NB 算法

基础理论:
1.条件概率

P(AB)=P(A)P(B|A)                                                                                                             (1) 

P(A)  表示事件A 发生的概率;
P(AB) 表示事件 AB

举例:符号型数据集如下所示。

@relation weather.symbolic

@attribute outlook {sunny, overcast, rainy}
@attribute temperature {hot, mild, cool}
@attribute humidity {high, normal}
@attribute windy {TRUE, FALSE}
@attribute play {yes, no}

@data
sunny,hot,high,FALSE,no
sunny,hot,high,TRUE,no
overcast,hot,high,FALSE,yes
rainy,mild,high,FALSE,yes
rainy,cool,normal,FALSE,yes
rainy,cool,normal,TRUE,no
overcast,cool,normal,TRUE,yes
sunny,mild,high,FALSE,no
sunny,cool,normal,FALSE,yes
rainy,mild,normal,FALSE,yes
sunny,mild,normal,TRUE,yes
overcast,mild,high,TRUE,yes
overcast,hot,normal,FALSE,yes
rainy,mild,high,TRUE,no

假设A代表晴天,即outlook = sunny。
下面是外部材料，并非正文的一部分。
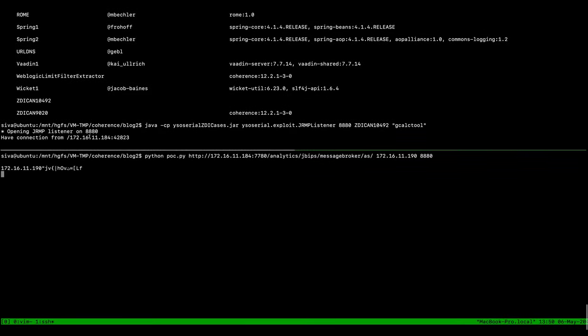We get a distributed garbage collection call from the Oracle BI server, and WISO Serial responds with the affected gadget.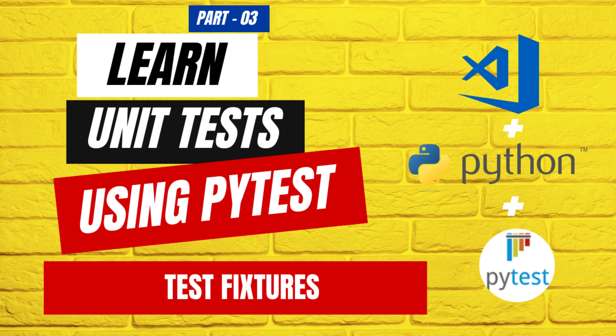Hey everyone, welcome back to KBS NecroCraft tutorial mastering unit testing using PyTest part 3 test fixtures using PyTest.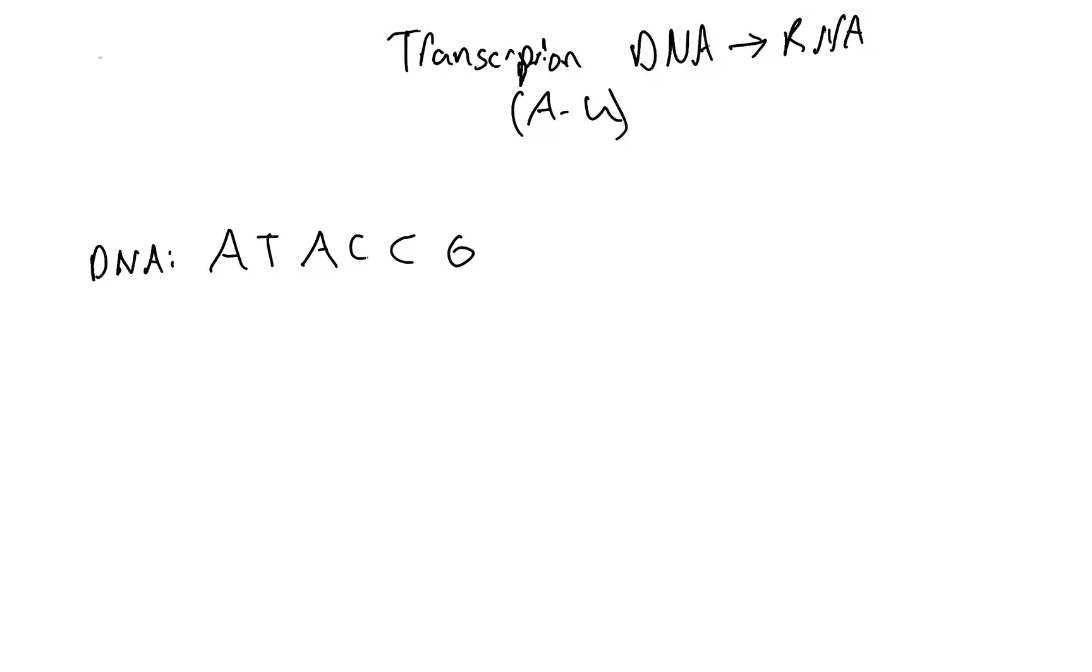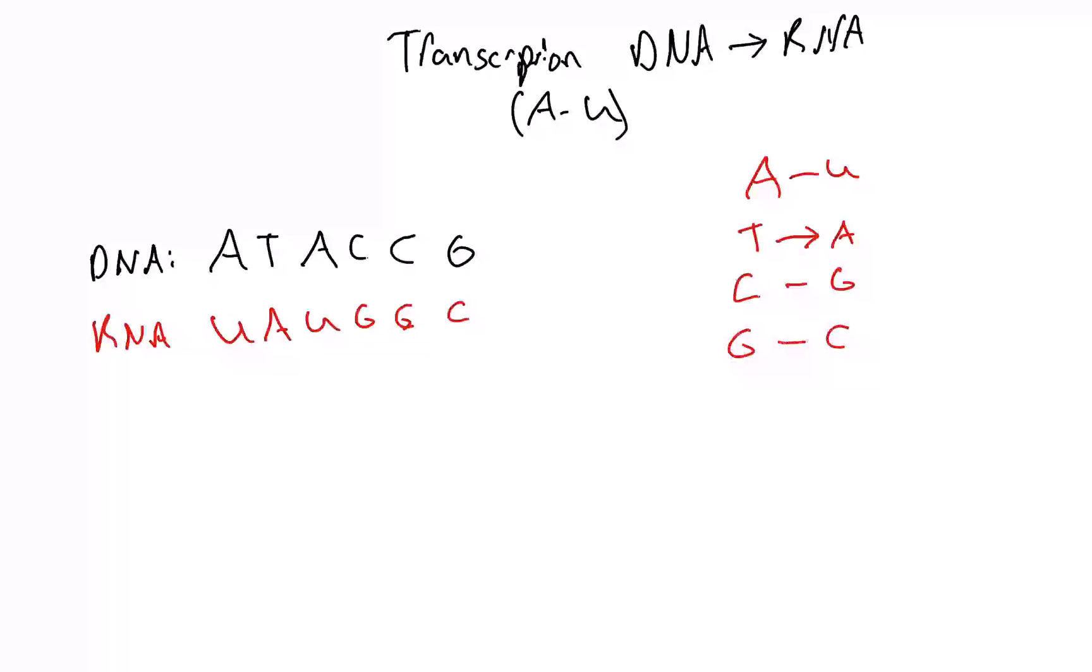The RNA sequence for that is going to be U, A, U, G, G, and C. So the rules for transcription are A goes to U, T goes to A, C goes to G, and G goes to C. As long as you follow those rules, you'll be okay.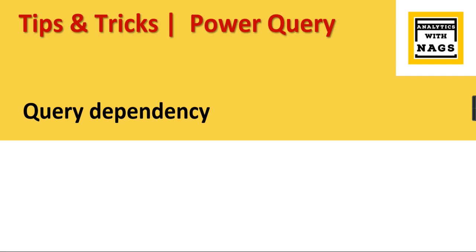We have one option in Power Query called Query Dependencies. This option most of us are not aware of. If you have different sources connected to your Power BI report...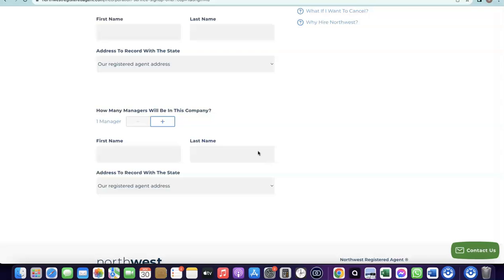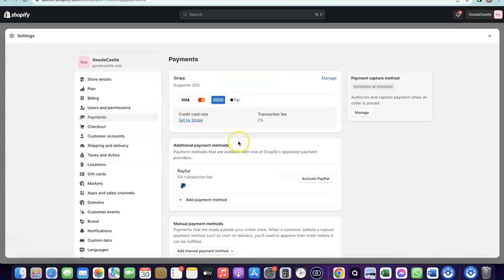I don't want this video to be too long. I already did a dedicated video on how to set all of this up, including your Stripe account, and I'll add a link to it in the description. All the resources you'll need to get your Shopify store up and running will be in the description — just go there, watch the video, and see how to set everything up.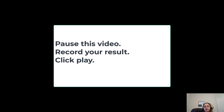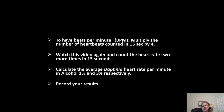Now you need to pause this video, record your result, and then click play. To get beats per minute, multiply the number of heartbeats counted in 15 seconds by 4.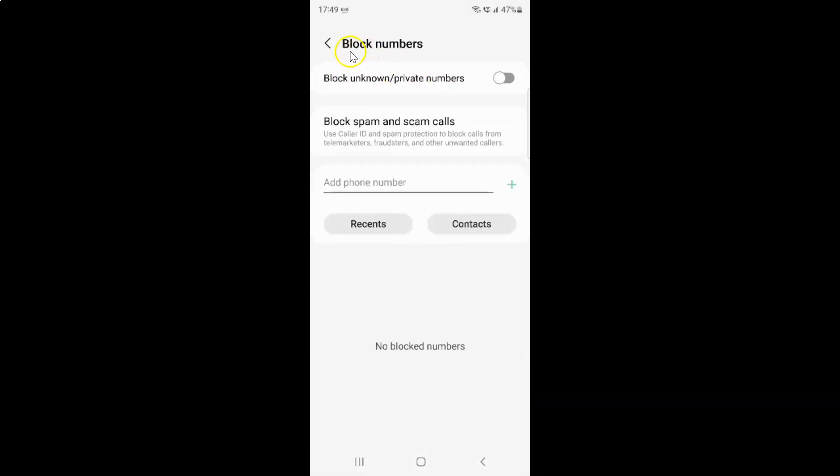And then tap on this block numbers. And I have this block numbers. This screen opened.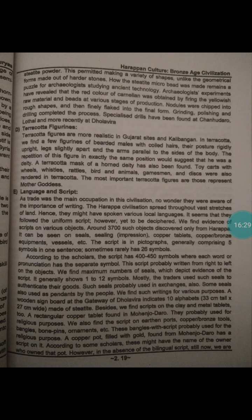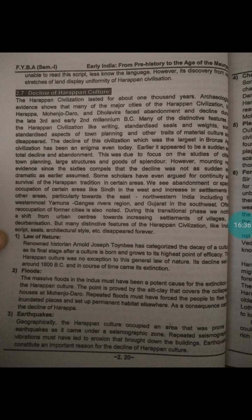However, in the absence of a bilingual script, we are still unable to read this script unless we know the language. Today we really find it difficult to read because we don't know the language. However, its discovery from a vast stretch of land displays the uniformity of the Harappan civilization.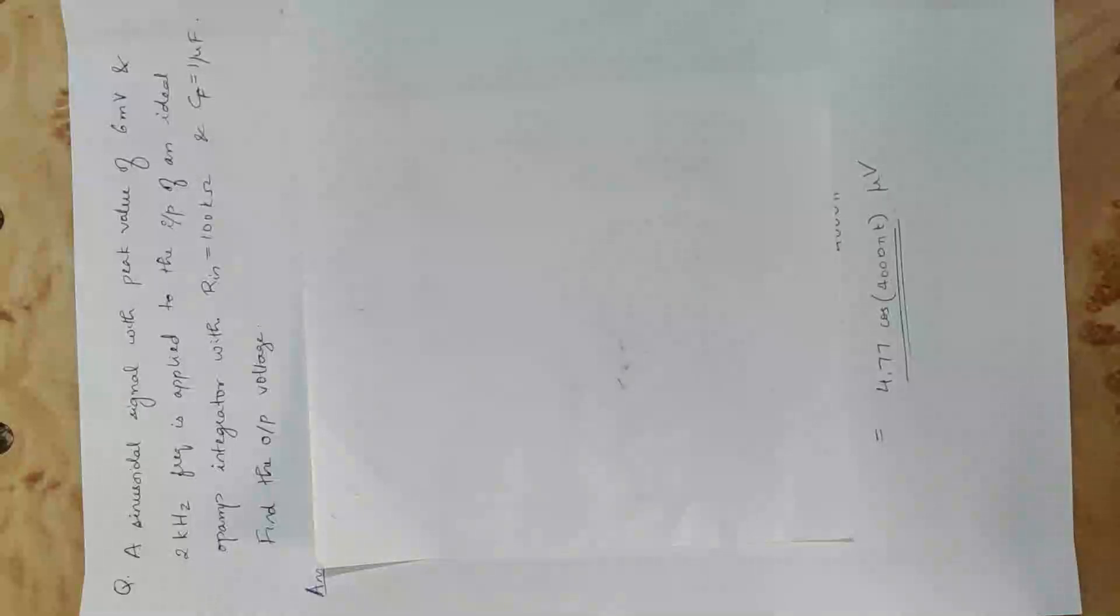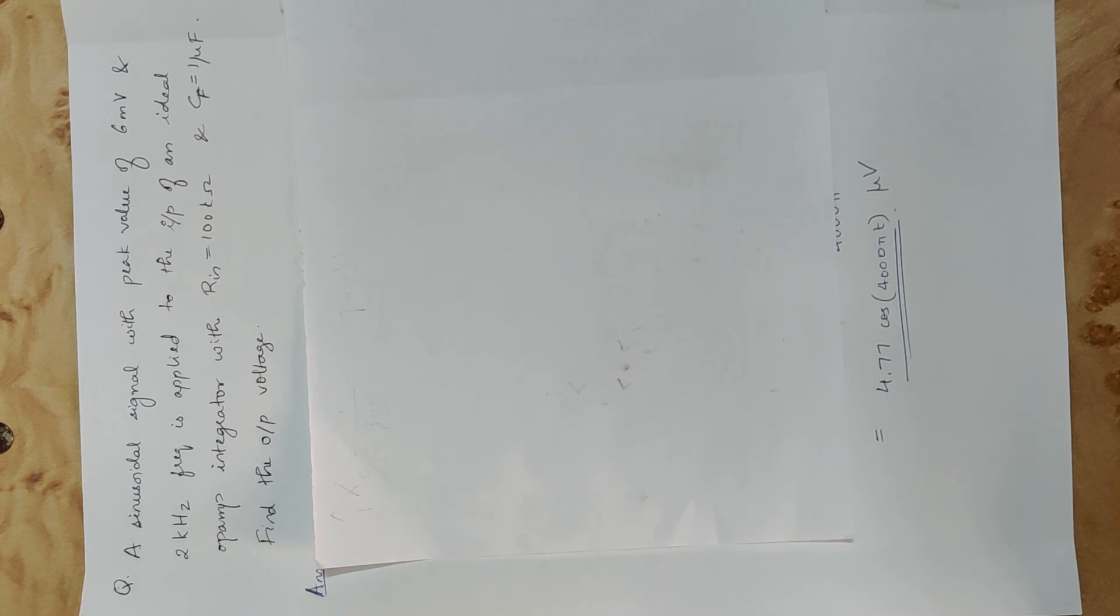We are going to integrate op-amp integrator and op-amp differentiator theory. Any other related problem?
B代表湿度高,即humidty = high。

在数据集中共有14天的数据, 其中5天outlook = sunny, 则

P(A) = P(outlook = sunny) = 5 / 14

在outlook = sunny的5天中有3天的humidty = high,则

P(B|A) = P(humidity=high|outlook=sunny) = 3 / 5
由条件概率可知,既是晴天又湿度高的概率是P(AB)=P(A)P(B|A)= 3 / 14

2.Laplacian 平滑

首先了解一下什么是零概率问题。零概率问题:在计算事件的概率时,如果某个事件在训练集中没有出现,那么会导致该事件的概率结果为0。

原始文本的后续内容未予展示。